The vaccines were able to induce anti-gp120 antibodies after the second immunization, with titres reaching 95% response after the third vaccine. The vaccines also elicited anti-V3 antibodies, 87% in SF-2/gp120, and 81% in MN/gp120. When analysed by risk stratification categories, the group admitting to i.v. drug use had significantly lower titres to the anti-gp120 of either vaccine. The researchers then evaluated neutralizing ability to HIV-1. The control group had no ability to neutralize HIV in vitro. After 3–4 immunizations, 99–100% of MN/gp120 and 90–94% of SF-2/gp120 had neutralizing antibodies to HIV. Overall the MN/gp120 had higher neutralizing titres to HIV. As was seen with the antibody response, high-risk groups had lower rates of HIV neutralizing titres.
The investigators then evaluated for decline of titres. The peak titres were irrespective of the dose being given at 12 or 18 months. A total of 140 subjects were retested at 2 years and 53% had persistent titres to homologous virus. Neutralizing ability was low, but greater in the MN/ gp120 arm. Lastly, lymphoproliferative response was analysed at the end of the 4 year follow-up. Both vaccines were able to induce a response, but not in a dose-dependent fashion. Skin testing was done 4 years later in 78 volunteers to evaluate for T cell-mediated delayed type hypersensitivity. Forty-one percent of the SF-2/gp120 and 63% of the MN/gp120 had greater then 10 mm of induration.
Comments
This study does a good job assessing response to HIV-1 immunization, in respect to various higher risk HIV groups. It demonstrated a clear antibody response to envelope antigens with a fair analysis of neutralizing ability and lymphoproliferative response. Four-year follow-up is quite good when compared with other HIV protocols. A smaller number of subjects were followed at that time (78 from 296), which limits the strength of the evidence and applicability to larger populations. The study may also introduce bias based on the fact that it was amended to include the skin testing portion, while no information is given as to how these volunteers were selected. An attempt was made to compare the different envelope vaccines. This is difficult, in that many of the results appeared better for MN/gp120, but the dosage was much higher—600 µg versus 50 µg of SF/gp120. Of significance, higher risk groups had decreased antibody titres, and decreased neutralizing ability. This will need to be qualified further prior to a final vaccine, as higher risk groups have the greatest need for adequate immune response. Finally, neither vaccine had major side effects among the various groups.

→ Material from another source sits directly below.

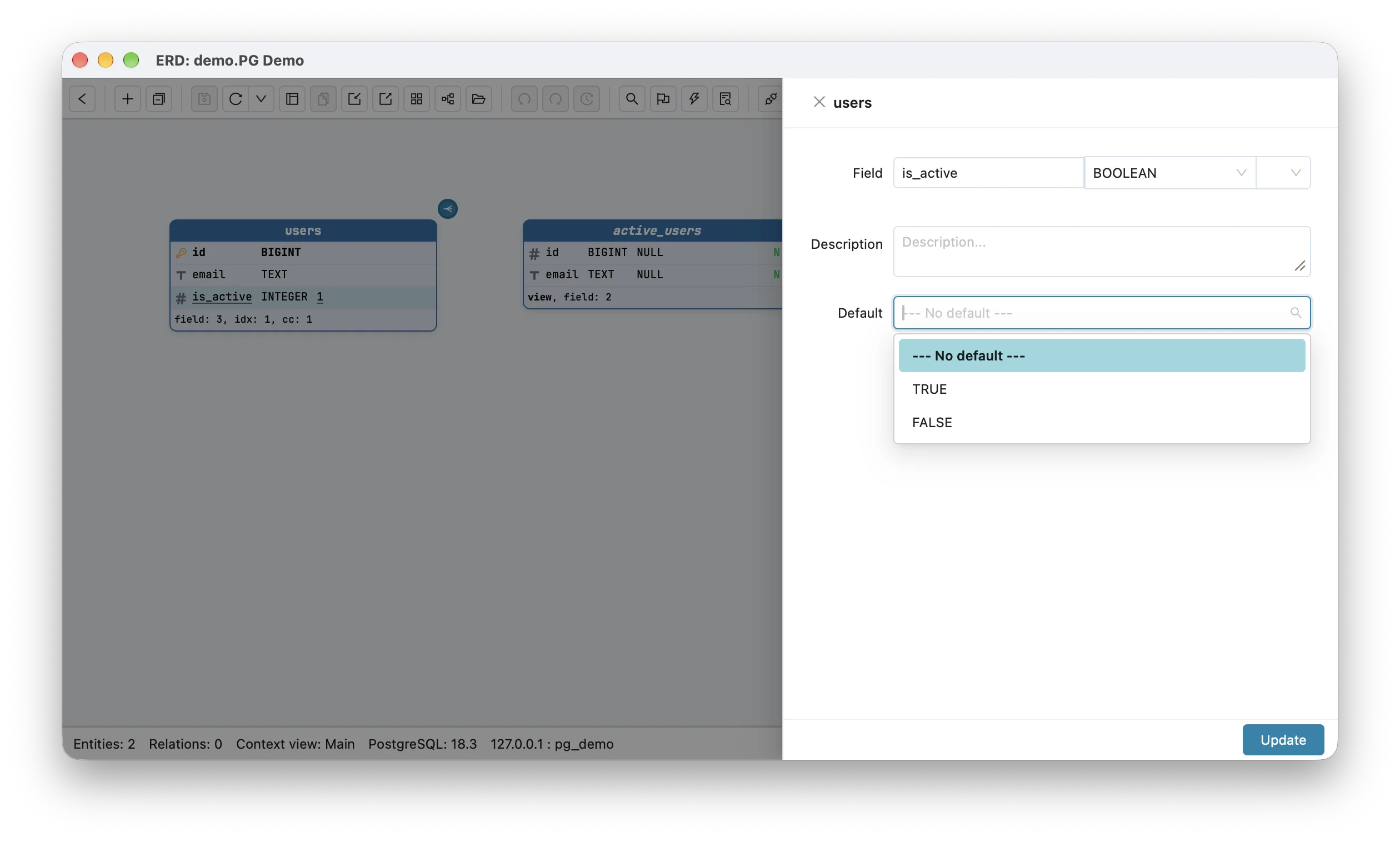 Schemity's field dialog for users.is_active after its type is switched from INTEGER to BOOLEAN: the Default dropdown is open with No default, TRUE and FALSE, and the integer default 1 is gone; behind it the canvas still shows is_active as INTEGER with default 1 and one check constraint, next to the active_users view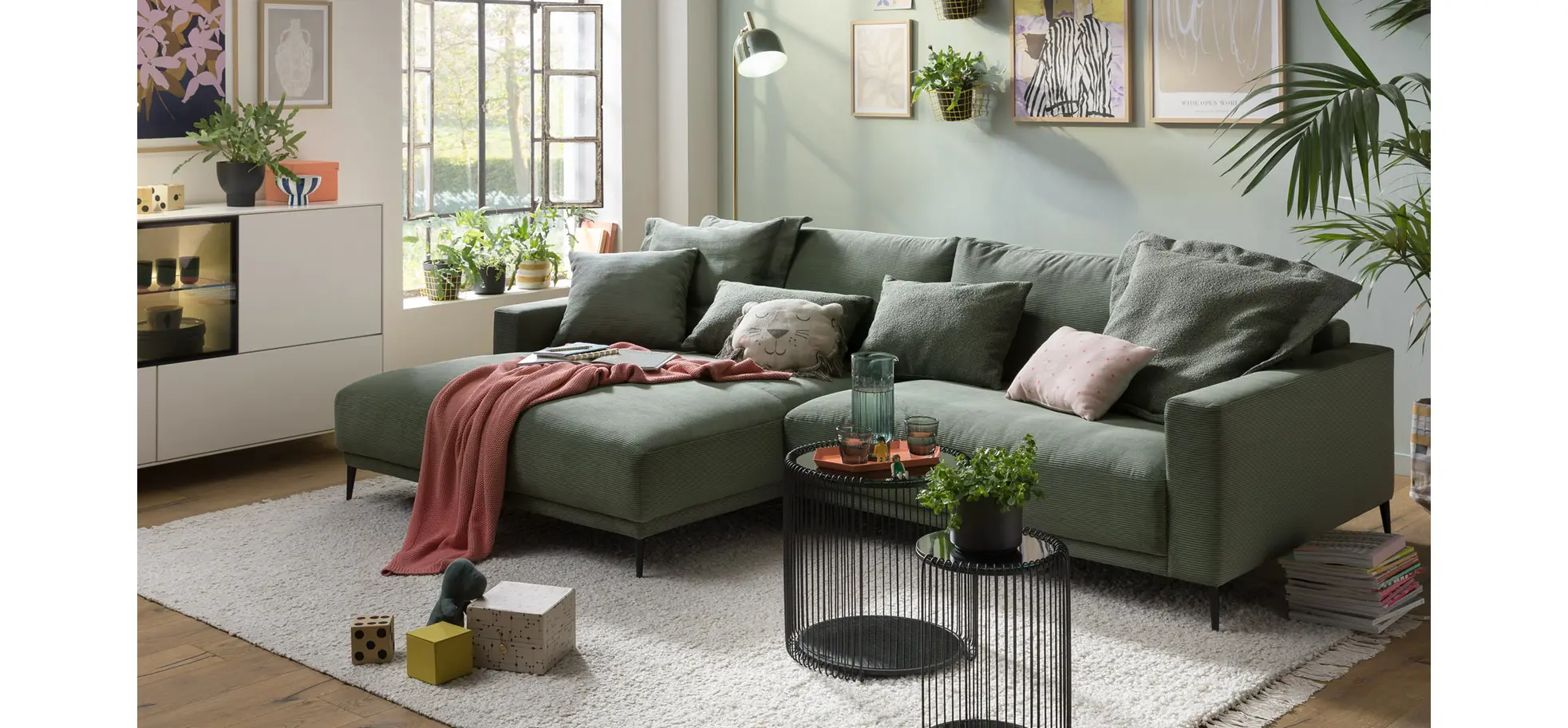 Ecksofa Solero - Longchair groß mit 1,5-Sitzer rechts, Stoff, Olivgrün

Well-designed studies, such as this, will be necessary to establish vaccine components, dosages and immunization schedules. Various vaccines are currently being evaluated to determine the best immunogenic regimens. Indeed, envelope vaccines are currently in phase III clinical trials. These efficacy trials will be critical, as studies such as this one were not designed to evaluate clinical effect.
HIV envelope protein vaccines have come under criticism, as they are not able to induce long-term titres, or neutralize primary isolates of HIV-1. It has been felt that limitations of monomeric gp120 vaccines can be overcome by adding other components. However, there is no basis for choosing which components to include, without evidence that each component or individual serotype is able to induce an adequate immune response.7 In theory, a non-sterilizing antibody response could function as part of an immunization protocol, to allow the immune system adequate time to initiate a cellular immune response.7 Clearly efficacy must be established for envelope vaccines, prior to expectations in a combined modality vaccine. Passive-transfer experiments in animals have shown that immunoglobulin in adequate quantities could protect against SIV in macaques monkeys.8,9
Recent research has elicited possible barriers to HIV envelope antibodies, specifically the structure of the gp120 molecule. The gp120 area on the HIV envelope binds the CD4 cell. Research has focused on pre-attachment antibodies to the gp120 that could prevent initial infection of the CD4 cell. Subsequently it has been realized that the gp120 molecule has structural barriers that prevent antibody binding—hypervariable loops and glycosylation of antigenic surfaces, as well as a maturation of the gp120 binding site, probably once the virion makes contact with the CD4 cell membrane.7 At a molecular level, antibodies would have difficulty preventing transmission at this site. In animal models when the glycosylation sites are altered, there is increased neutralizing antibody response.8,10
It is felt that neutralizing antibodies play a role in preventing immediate infection after HIV exposure. However, the degree of neutralizing antibody in vitro will need to be great to elicit an adequate response in vivo, estimated to be 
99% neutralization.7
Cytotoxic T lymphocyte response to canarypox recombinant vaccine
Evans T, Keefer M, Weinhold K et al. A canarypox vaccine expressing multiple human immunodeficiency virus type 1 genes given alone or with Rgp 120 elicits broad and durable CD8 cytotoxic T lymphocyte responses in seronegative volunteers. J Infect Dis 1999; 180: 290–298.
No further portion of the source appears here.